** INFORMATION GIVEN follows **

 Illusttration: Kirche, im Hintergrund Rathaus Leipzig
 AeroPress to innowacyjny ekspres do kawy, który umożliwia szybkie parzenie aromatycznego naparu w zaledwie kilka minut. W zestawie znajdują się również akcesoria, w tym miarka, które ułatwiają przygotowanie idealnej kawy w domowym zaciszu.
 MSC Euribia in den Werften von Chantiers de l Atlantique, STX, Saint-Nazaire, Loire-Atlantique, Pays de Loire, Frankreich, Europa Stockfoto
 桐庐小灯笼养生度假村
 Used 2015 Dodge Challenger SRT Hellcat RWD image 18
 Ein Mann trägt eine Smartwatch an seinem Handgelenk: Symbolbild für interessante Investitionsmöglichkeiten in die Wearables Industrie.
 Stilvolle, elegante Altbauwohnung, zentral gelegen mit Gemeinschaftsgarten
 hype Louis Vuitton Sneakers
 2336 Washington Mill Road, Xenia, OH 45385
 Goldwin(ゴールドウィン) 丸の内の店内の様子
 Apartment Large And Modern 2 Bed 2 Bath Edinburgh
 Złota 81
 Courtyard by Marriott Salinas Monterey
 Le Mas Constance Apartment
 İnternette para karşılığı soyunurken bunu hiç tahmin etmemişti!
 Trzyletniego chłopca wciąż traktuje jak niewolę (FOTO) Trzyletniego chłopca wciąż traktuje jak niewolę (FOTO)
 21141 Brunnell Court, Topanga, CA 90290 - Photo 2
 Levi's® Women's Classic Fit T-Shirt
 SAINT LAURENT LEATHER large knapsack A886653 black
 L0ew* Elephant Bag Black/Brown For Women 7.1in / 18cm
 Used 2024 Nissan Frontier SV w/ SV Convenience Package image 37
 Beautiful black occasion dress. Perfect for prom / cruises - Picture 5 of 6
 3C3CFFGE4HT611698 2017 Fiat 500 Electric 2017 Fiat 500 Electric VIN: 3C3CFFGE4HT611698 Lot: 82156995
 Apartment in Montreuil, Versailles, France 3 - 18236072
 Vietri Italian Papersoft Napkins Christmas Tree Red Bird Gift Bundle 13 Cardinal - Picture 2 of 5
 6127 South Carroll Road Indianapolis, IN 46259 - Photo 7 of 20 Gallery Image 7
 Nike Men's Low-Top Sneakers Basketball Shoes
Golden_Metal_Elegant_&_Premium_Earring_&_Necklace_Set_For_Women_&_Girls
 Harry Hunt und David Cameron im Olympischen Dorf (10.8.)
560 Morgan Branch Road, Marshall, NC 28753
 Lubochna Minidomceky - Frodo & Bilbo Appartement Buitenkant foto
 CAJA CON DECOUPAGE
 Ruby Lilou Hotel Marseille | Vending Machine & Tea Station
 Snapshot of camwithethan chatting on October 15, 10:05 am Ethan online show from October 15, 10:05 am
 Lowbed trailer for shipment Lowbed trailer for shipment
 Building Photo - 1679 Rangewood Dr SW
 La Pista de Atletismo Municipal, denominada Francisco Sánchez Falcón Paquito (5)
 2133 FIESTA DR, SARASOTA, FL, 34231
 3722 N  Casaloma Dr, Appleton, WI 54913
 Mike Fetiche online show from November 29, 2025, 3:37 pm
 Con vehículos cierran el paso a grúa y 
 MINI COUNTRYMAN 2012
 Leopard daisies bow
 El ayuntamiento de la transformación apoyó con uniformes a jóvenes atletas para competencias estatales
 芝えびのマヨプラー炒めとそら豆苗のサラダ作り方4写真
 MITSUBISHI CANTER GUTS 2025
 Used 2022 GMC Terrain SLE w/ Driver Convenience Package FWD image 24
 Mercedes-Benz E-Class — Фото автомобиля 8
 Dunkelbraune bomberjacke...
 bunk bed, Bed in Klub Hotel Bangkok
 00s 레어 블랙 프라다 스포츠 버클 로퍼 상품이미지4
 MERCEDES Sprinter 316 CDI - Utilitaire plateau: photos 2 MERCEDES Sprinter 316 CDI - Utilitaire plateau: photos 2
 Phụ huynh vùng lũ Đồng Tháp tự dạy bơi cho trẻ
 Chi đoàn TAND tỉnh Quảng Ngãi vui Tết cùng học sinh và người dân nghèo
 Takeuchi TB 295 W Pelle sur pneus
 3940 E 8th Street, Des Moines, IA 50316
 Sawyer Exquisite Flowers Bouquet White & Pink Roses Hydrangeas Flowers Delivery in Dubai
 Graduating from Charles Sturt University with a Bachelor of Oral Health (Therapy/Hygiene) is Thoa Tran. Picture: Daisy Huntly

** End of INFORMATION GIVEN **

Reproduce each line of the entries above from the one containing "Takeuchi TB 295 W Pelle sur pneus" through the last, exactly, and no other line.

 Takeuchi TB 295 W Pelle sur pneus
 3940 E 8th Street, Des Moines, IA 50316
 Sawyer Exquisite Flowers Bouquet White & Pink Roses Hydrangeas Flowers Delivery in Dubai
 Graduating from Charles Sturt University with a Bachelor of Oral Health (Therapy/Hygiene) is Thoa Tran. Picture: Daisy Huntly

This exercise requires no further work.